Friday, Mar 08, 2019 at 08:17
Follow please
AnswerID: 624284

Reply By: RMD - Friday, Mar 08, 2019 at 09:36

Friday, Mar 08, 2019 at 09:36
The deployment of your air bags are controlled by a decellerometer, as they are in vehicles, and unless the decelleration limit is exceeded then the airbags don't operate.

A vehicle engineer exlained to me that as soon as a bullbar come in contact with another vehicle or object, it effectively becomes part of that object,it may be another vehicle, and after that the crumple zones largely control the decelleration of the the vehicle and if sufficient the bags will fire.
Often, although obviously not so good for pedestrians, a bull bar spreads the imact load over a wider area and less burrowing into the impacted object occurs. Possibly safer for another vehicle instead of a concentrated point type impact.

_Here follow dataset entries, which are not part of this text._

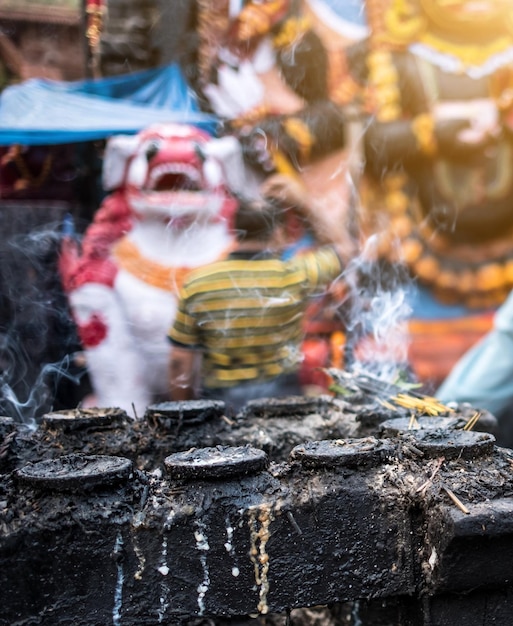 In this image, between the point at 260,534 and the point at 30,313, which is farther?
the point at 30,313

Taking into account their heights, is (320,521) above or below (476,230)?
below

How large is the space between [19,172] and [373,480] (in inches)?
178

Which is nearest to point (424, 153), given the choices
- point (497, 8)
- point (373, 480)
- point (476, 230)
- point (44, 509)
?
point (476, 230)

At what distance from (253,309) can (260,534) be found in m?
3.07

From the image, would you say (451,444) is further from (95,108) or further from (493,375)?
(95,108)

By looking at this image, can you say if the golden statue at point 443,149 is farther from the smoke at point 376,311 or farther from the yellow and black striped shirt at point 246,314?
the yellow and black striped shirt at point 246,314

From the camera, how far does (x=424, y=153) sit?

"REMEMBER THAT IF THERE IS AN ACCIDENT AND NO ONE WAS INJURED AND THE AIR BAGS DID NOT DEPLOY, THEN THEY WORKED AS DESIGNED". If no one injured and no bag deployment then the decelleration must have been under the tested/researched and built in threshold for that vehicle manufacturer, ie, low speed.
Bull bars on busses save peoples lives by the bus not rolling the vehicle and driving up over it, what happens is the bull bar catches and transports the car and most times the car occupants are uninjured. It is interesting to see a bus catch a car and have it sideway across the front after impact and push the vehicle down the road sideways and the car occupant just step out unharmed after the 90kmh event.
AnswerID: 624290

Reply By: Rob A2 - Friday, Mar 08, 2019 at 16:10

Friday, Mar 08, 2019 at 16:10
If you are concerned why not contact the owners of the ADR personally and seek clarification rather than taking this approach.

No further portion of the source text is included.